Il y a 10 ans déjà, les magistrats de la rue Cambon critiquaient sévèrement le caractère « difficilement atteignable » des objectifs que s’étaient fixés la France en ce qui concernait l’implantation d’éoliennes, de panneaux solaires et autres dispositifs de production d’énergie renouvelable, rappelle Le Point. Ils soulignaient également le « montant très élevé des engagements financiers consentis par l’État ». Le constat était le même cinq ans plus tard.
En cet automne 2023, le nouveau rapport se poursuit sur les mêmes notes, indiquant clairement que les objectifs que la France s’est pourtant fixés elle-même n’étaient toujours pas atteints. Résultats fin 2022 : « les capacités éoliennes développées en France représentaient environ 80 % de l’objectif visé pour 2023. » La France est ainsi « le seul pays européen à ne pas avoir atteint les objectifs de la directive de 2018 ».
900 millions d’euros par an de pénalités financières
Les conséquences risquent d’être importantes pour ce manque de planification : les pénalités financières imposées à l’État pourraient s’élever à plus de 900 millions d’euros par an jusqu’à ce que le retard soit rattrapé, souligne France 3.
En effet, la France va devoir compenser son propre écart en rachetant à un autre État membre de l’UE les droits sur un certain volume d’énergies renouvelables produites en excédent, une opération qui s’appelle « transferts statistiques ». Concrètement, il manque, par exemple, 64 TWh à la France pour atteindre ses objectifs de 2020.
« La France devrait payer 960 millions d’euros pour la seule année 2020, et acheter des statistiques pour les années ultérieures jusqu’à atteindre son objectif, faute de quoi elle s’expose à des astreintes financières et à des difficultés pour accéder à certains fonds européens », peut-on lire dans le rapport.
Les objectifs de 2050 difficilement atteignables
Apparemment, la « stratégie énergétique cohérente » suggérée par la Cour des comptes en 2017 n’a toujours pas été mise en place. Alors que la France s’était fixée en 2013 un objectif de 27% d’énergies renouvelables dans sa production d’électricité en 2030, elle n’en était qu’à 8,3% de la production électrique nationale, fin 2022.
Observant les différentes données et l’avancement de la mise en œuvre de l’éolien, les magistrats de la rue Cambon doutent de la capacité de l’État à atteindre son objectif de 50 parcs éoliens en mer d’ici 2050.
« Le processus d’implantation des éoliennes n’est pas piloté de manière volontariste, ce qui est incohérent avec les objectifs de la politique énergétique », explique le rapport.
« Une absence préjudiciable de pilotage »

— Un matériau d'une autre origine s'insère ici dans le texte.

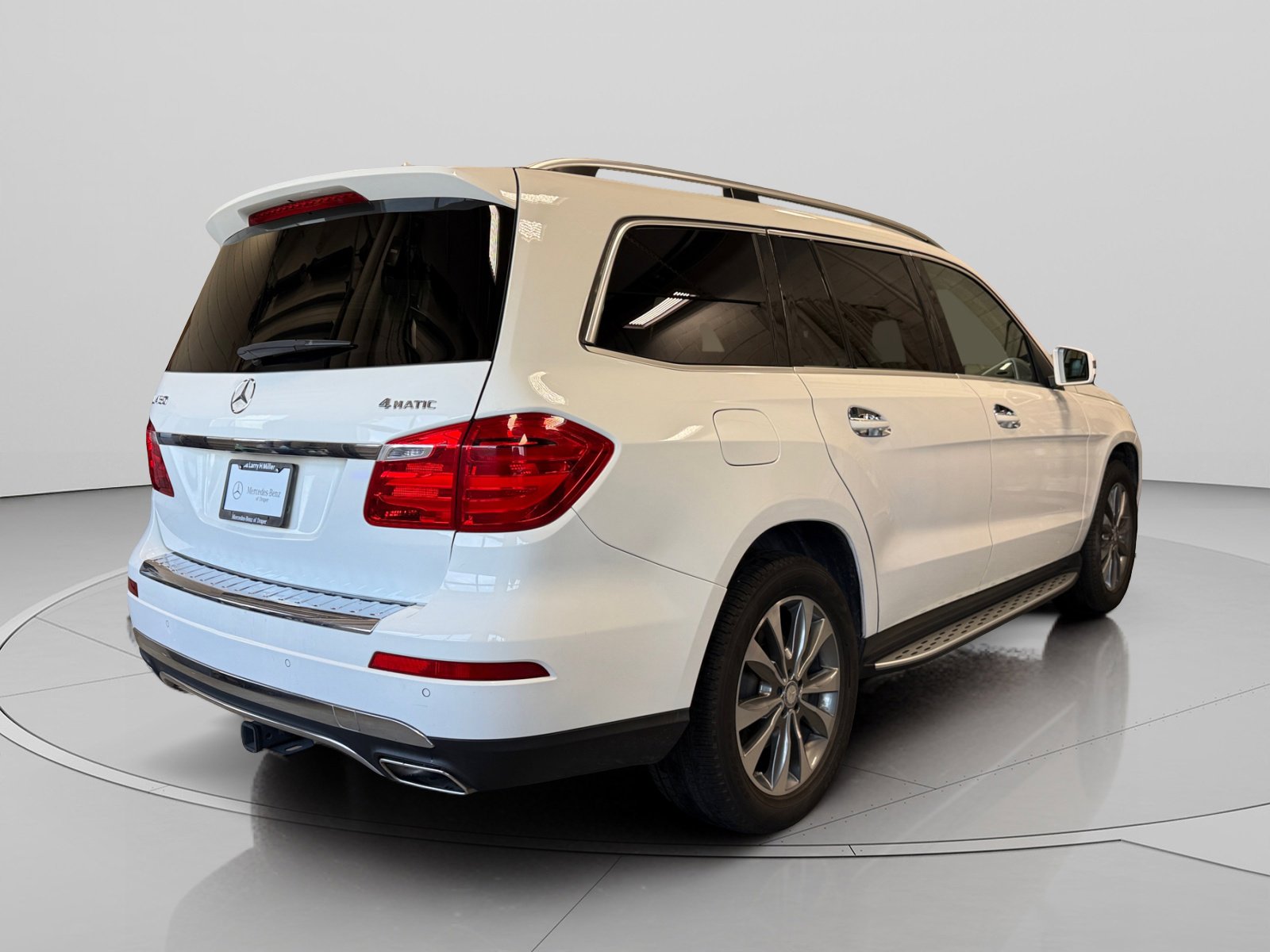 Certified 2015 Mercedes-Benz GL 450 4MATIC image 5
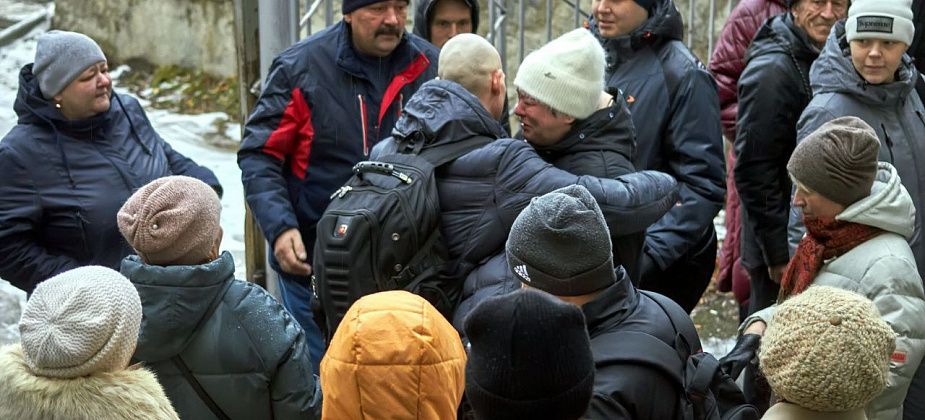 Из Карпинска в армию призовут более 50 человек. Начинается весенний призыв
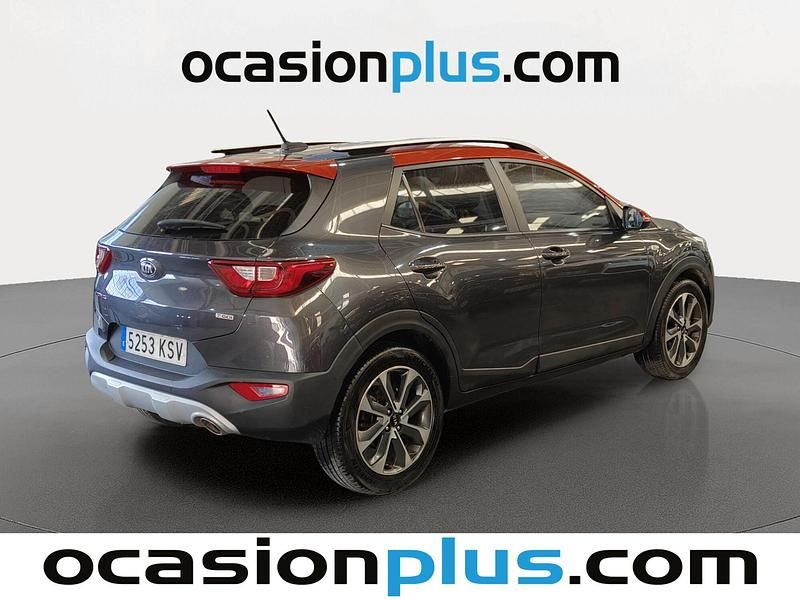 Usado Kia Stonic 100 CV (73 kW) 2019 Gris / plata SUV
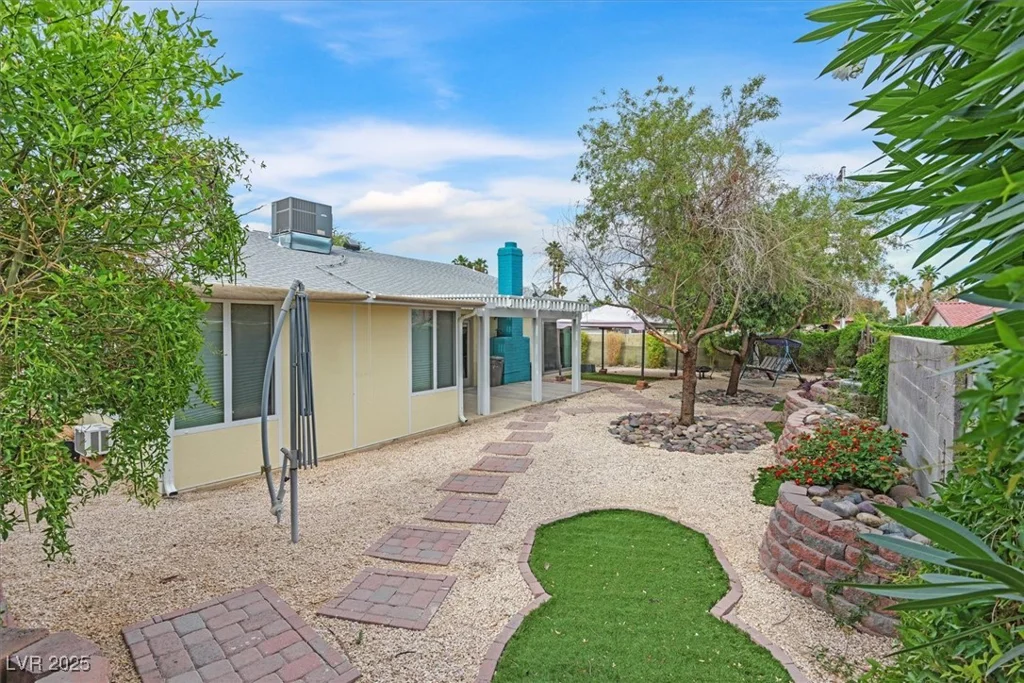 3989 Parkhaven, Las Vegas, NV 89120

Parmi les causes qui freinent la France dans ses objectifs, on observe « une absence préjudiciable de pilotage » en ce qui concerne la régulation de l’espace disponible pour l’éolien terrestre et maritime. Sur terre, l’absence de cartographie de l’espace propice au développement de l’éolien laisse le choix des sites aux développeurs privés. En mer, « la désignation des zones maritimes destinées à l’éolien s’effectue davantage dans une logique par projet que dans le cadre d’une planification de long terme. »
La CDC note également d’autres causes à ce niveau de réalisation en deçà des objectifs : complexité des réglementations, procédures d’autorisations peu performantes, manque de structure dans la gouvernance, « documents stratégiques de façade » etc.
Une part du gâteau qui devrait revenir à l’État
Au niveau financier, le rapport préconise d’assurer une meilleure transparence en ce qui concerne les subventions à l’éolien et l’économie des parcs, « pour prévenir les rentabilités excessives ». Il estime que les tarifs fixes sont inadaptés aux conditions économiques changeantes.
« Dans un contexte économique incertain, ces investissements à long terme doivent être régis par des clauses contractuelles de partage de la rentabilité », conclut-il. En d’autres termes, la CDC préconise d’instaurer « un tarif de référence au-delà duquel les recettes reviennent à l’État ».